▸ **Stored data**
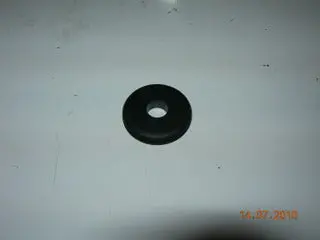 Grommet, Elastic - .375" Hole - 1" Groove Id - 1.250" Od - .250 High - .062" Groove Width 1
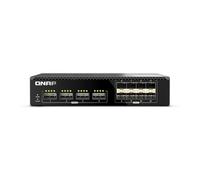 QNAP Commutateur géré QSW-M7308R-4X Ultra-haut débit - 4x QSFP28 100GbE, 8x SFP28 25GbE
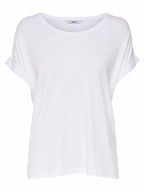 Auntie T-shirt Women White - ONLY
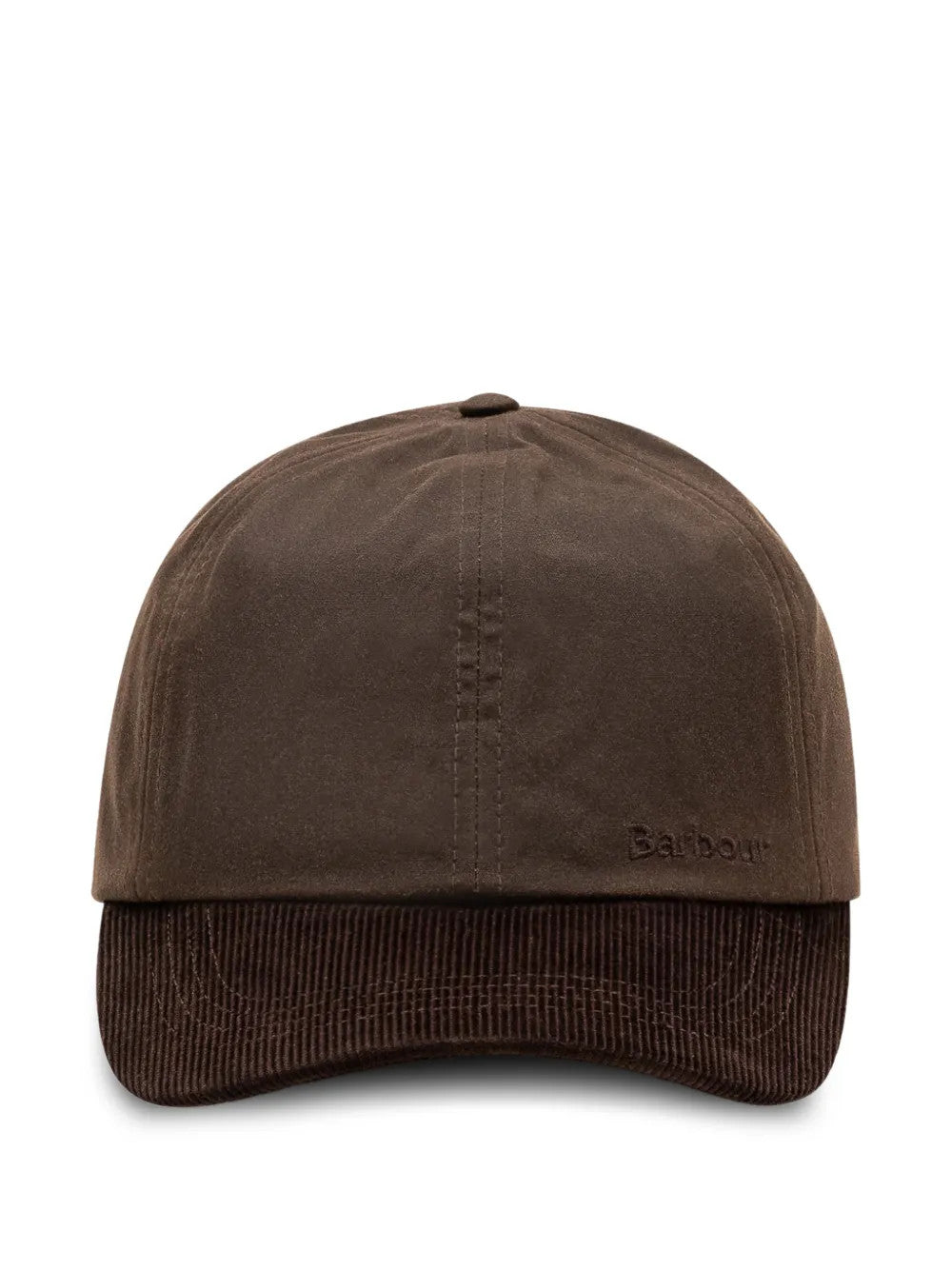 Brown hat, front view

▸ **Exercise**
Copy all the lines of data exactly as they appear, dropping any images.

▸ **Solution to this exercise**
 Grommet, Elastic - .375" Hole - 1" Groove Id - 1.250" Od - .250 High - .062" Groove Width 1
 QNAP Commutateur géré QSW-M7308R-4X Ultra-haut débit - 4x QSFP28 100GbE, 8x SFP28 25GbE
 Auntie T-shirt Women White - ONLY
 Brown hat, front view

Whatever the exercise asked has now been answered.